January 8, 2012 § 1 Comment
I have been thinking of re-creating this dish ever since visiting Candle 79 last October. The dish was a live zucchini manicotti stuffed with a mushroom olive mixture and topped with a raw tomato sauce and parsley pine nut salad. At the time, I still was not liking mushrooms very much. Boy has that changed. Mushrooms have been the star of many meals since including my Christmas Eve dinner with vegan mushroom bourguignon.
At Candle79, I thought the mushroom olive combination was delicious. I’m a big olive fan and love their briny, salty bite which masked the mushroom flavor I didn’t like at the time. Instead, what remained was just a chewy almost meaty texture which I welcomed. I thought the dish would be great to make at home with store-bought olive tapenade. So that’s what I did.
Since Luis wasn’t a fan of the “live” part of this dish, I decided to roast the zucchini. What I didn’t realize though is that then you can’t roll them into a manicotti. They become way too flimsy cooked. So I just laid them flat but it still worked. I wanted to make this elegant dish as easy as possible to make so I made a point of making it with one baking sheet. I was looking for easy cleanup here and it worked.
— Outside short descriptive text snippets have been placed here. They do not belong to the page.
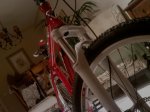 IMAG0167.jpg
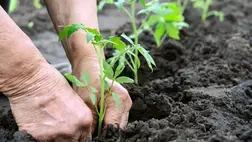 A közhiedelem szerint a paradicsompalánta ültetéséhez nem kell nagy tudomány, hisz, ha ledobunk a nedves földre egy derékba tört palántát, még az is megfogan. Sajnos a gyakorlatban nagyon el lehet rontani ezt a műveletet is.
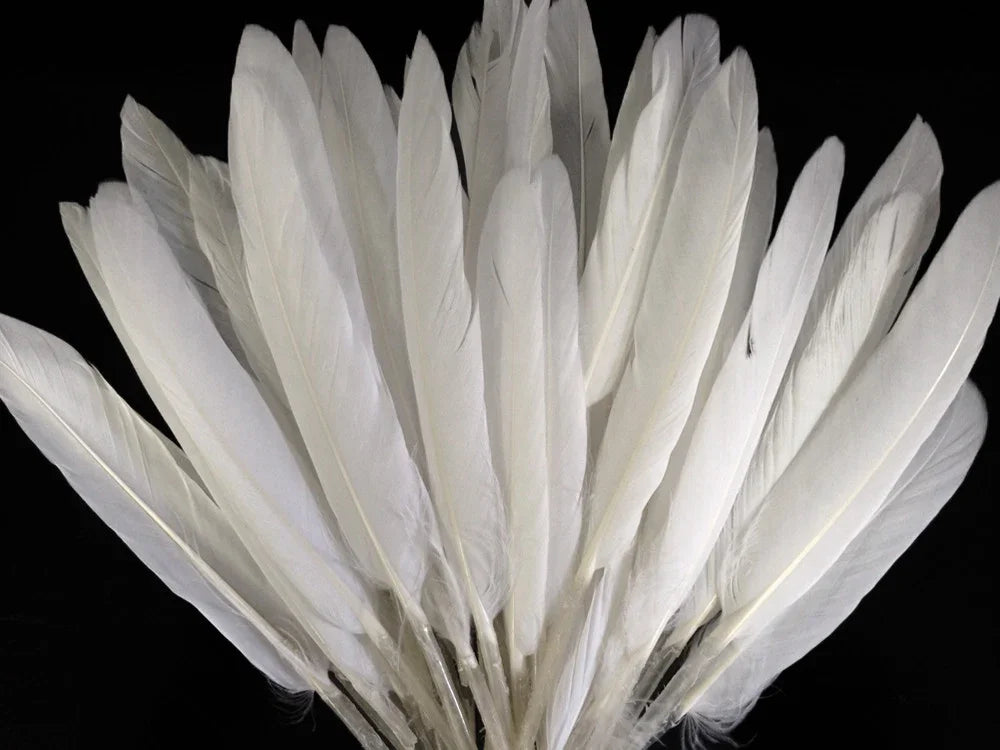 A fan of long, elegant white feathers against a solid black background.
The resulting dish was elegant and tasty – but it was on the small side. It did feel like a little gourmet meal though 🙂 I’d suggest doubling this recipe or serving with a side or salad. I also want to try it one day with pasta. I think it would be great.
Zucchini with Fresh Tomato Sauce and Olive-Portobello Relish
Makes 4 small servings
- 2 zucchini, thinly sliced (about 6 slices per zucchini)
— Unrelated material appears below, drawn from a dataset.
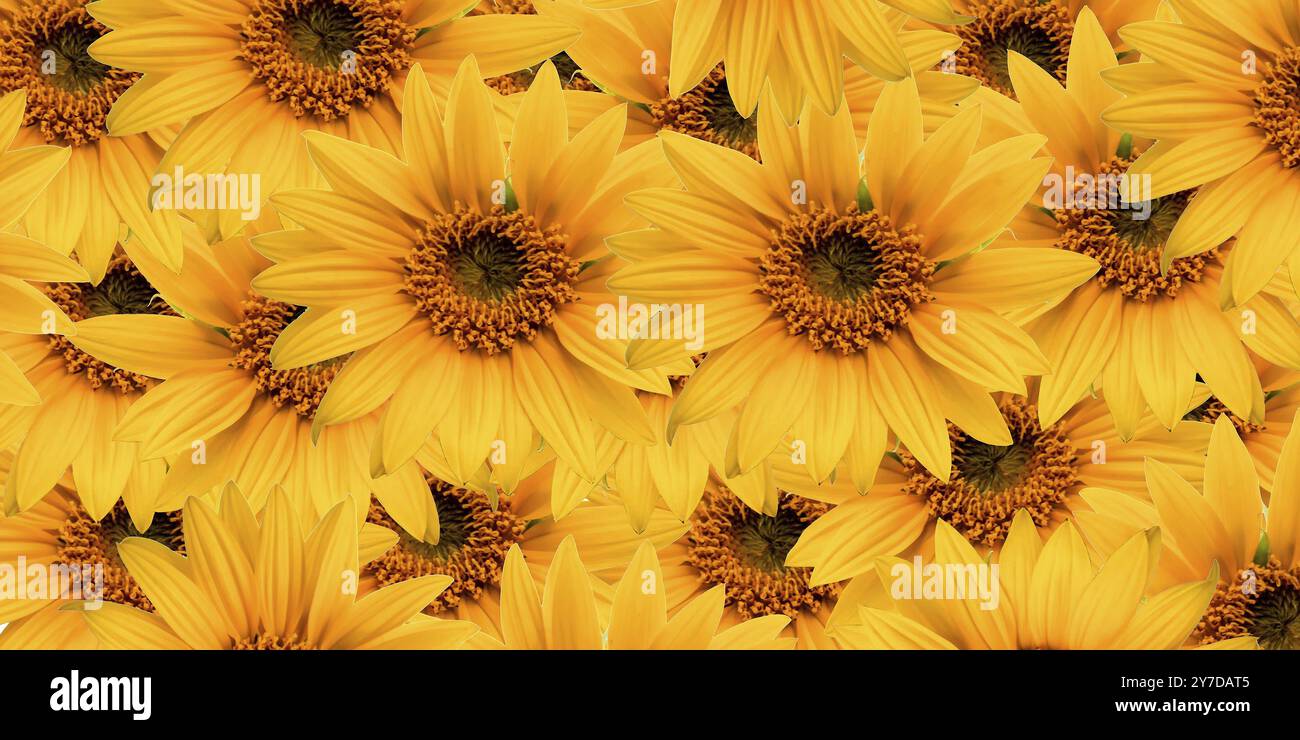 Sunflower pattern, pattern of yellow flowers Stock Photo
- 2 portobello mushrooms, chopped
- 4 tomatoes, sliced
- 4-6 garlic cloves, roasted or raw
- 3 tbsp. pre-made olive tapenade
- 2 tbsp. olive oil
- salt and pepper
- dried rosemary (optional)
- Preheat the oven to 425 degrees. If roasting the garlic, you can put it in now. Just slice the end of it off so you have a flat top, place in a small oven safe dish, cover with olive oil and foil.
- Slice zucchini using a knife or mandolin. Slice tomatoes. Chop portobellos. Arrange all vegetables on a cookie sheet or in a roasting pan and drizzle with enough olive oil to coat all veggies. Sprinkle with salt, pepper, and rosemary (optional).
- Place veggies in oven to roast about 10-15 minutes. Keep an eye on the mushrooms and zucchini as the cook quickly. You may need to pull them out early. The mushrooms will release a lot of liquid so don’t be alarmed. You can finish the tomatoes and give them a little char by turning the oven up to broil – just watch very closely.
- Once you’ve pulled out the mushrooms, mix with the olive tapenade. Use as much as you like. Add in a few chopped garlic cloves to the mix if you like and set aside.
- Remove tomatoes and place into a food processor with a few garlic cloves. Do not add in liquid from the pan unless you need to thin out the sauce. If you have fresh herbs on hand you can add basil or parsley. Season with salt and pepper.
- To assemble place some sauce on the plate. Top with a few zucchini slices and the olive-portobello relish.